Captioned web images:
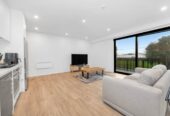 2 bedrooms apartment, just a short walk to the GI train station, bus hub, supermarkets, 0.3 km to Ruapotaka School, 1.2 km to Tamaki College, 102, 7C Hinaki Street, Pt England, Auckland
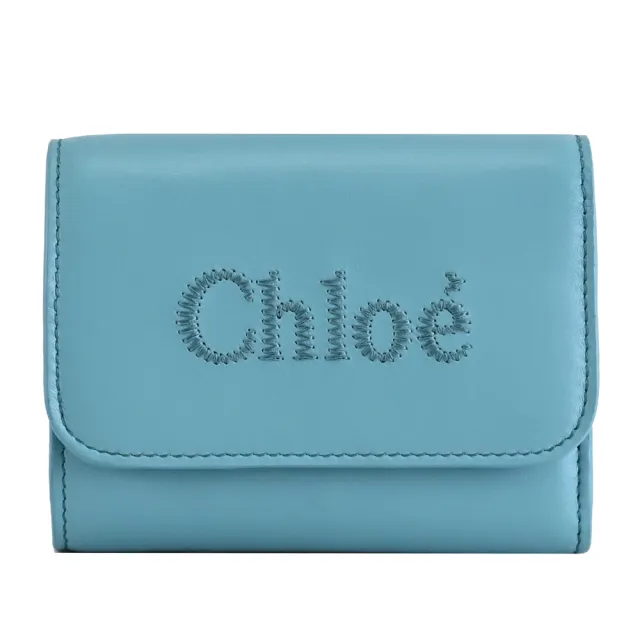 【Chloe’ 蔻依】SENSE 簡約電繡品牌LOGO小牛皮三折扣式零錢短夾(水藍)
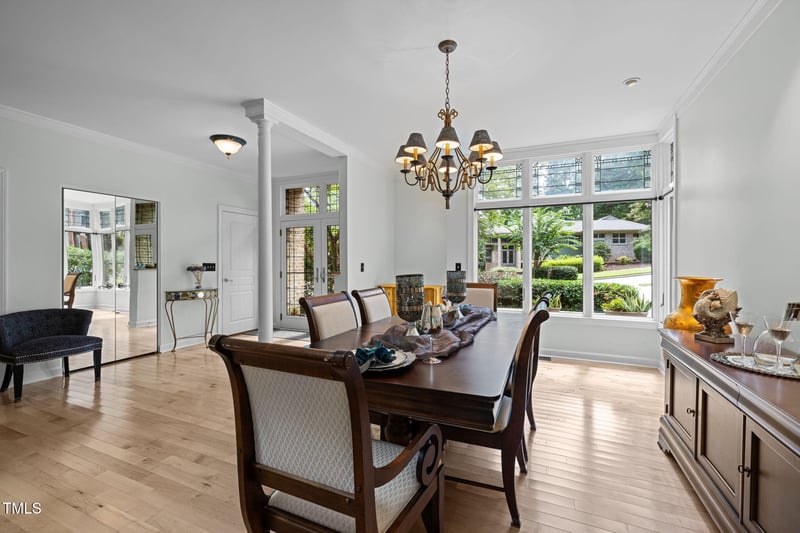 106 Wheatsbury Dr, Cary, NC 27513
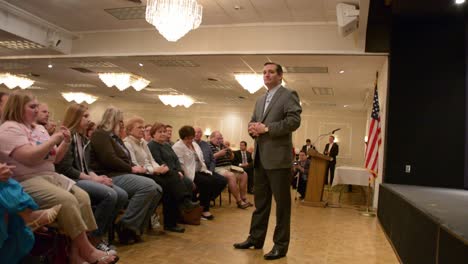 Der-Konservative-Präsidentschaftskandidat-Ted-Cruz-Erwähnt-Die-Irs-Während-Einer-Politischen-Rede-Bei-Einer-Wahlkampfveranstaltung-In-Iowa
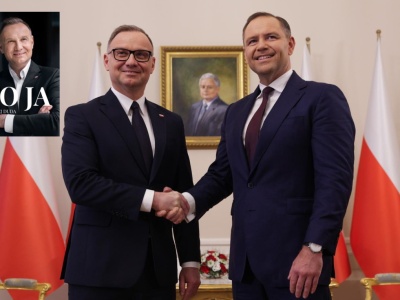 Prezydent wręczył egzemplarz 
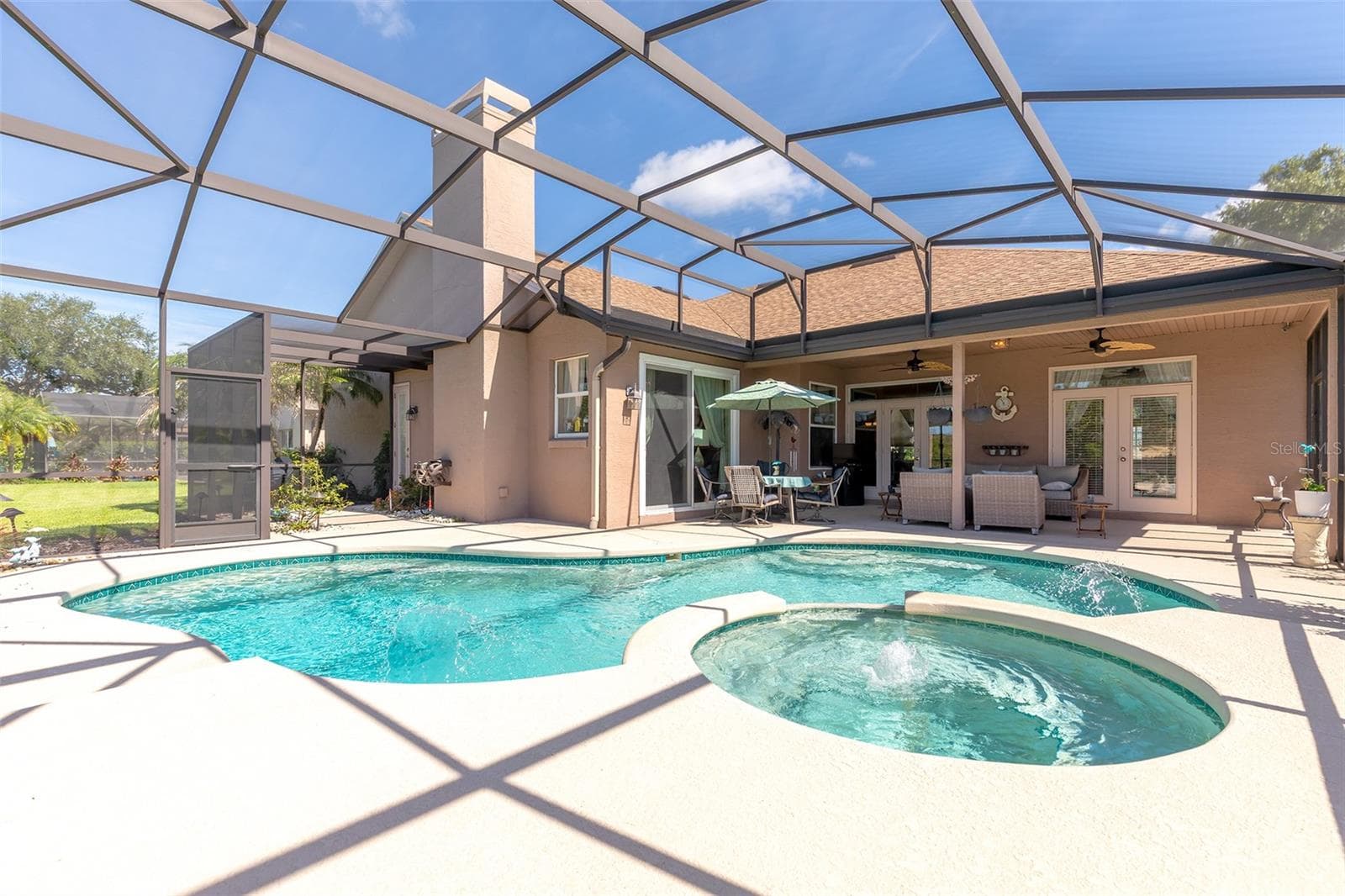 Pool & Spa - 5314 CHISWICK CIR, BELLE ISLE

Exercise goal: The records above must be returned exactly, with each picture omitted.

Written answer:
 2 bedrooms apartment, just a short walk to the GI train station, bus hub, supermarkets, 0.3 km to Ruapotaka School, 1.2 km to Tamaki College, 102, 7C Hinaki Street, Pt England, Auckland
 【Chloe’ 蔻依】SENSE 簡約電繡品牌LOGO小牛皮三折扣式零錢短夾(水藍)
 106 Wheatsbury Dr, Cary, NC 27513
 Der-Konservative-Präsidentschaftskandidat-Ted-Cruz-Erwähnt-Die-Irs-Während-Einer-Politischen-Rede-Bei-Einer-Wahlkampfveranstaltung-In-Iowa
 Prezydent wręczył egzemplarz 
 Pool & Spa - 5314 CHISWICK CIR, BELLE ISLE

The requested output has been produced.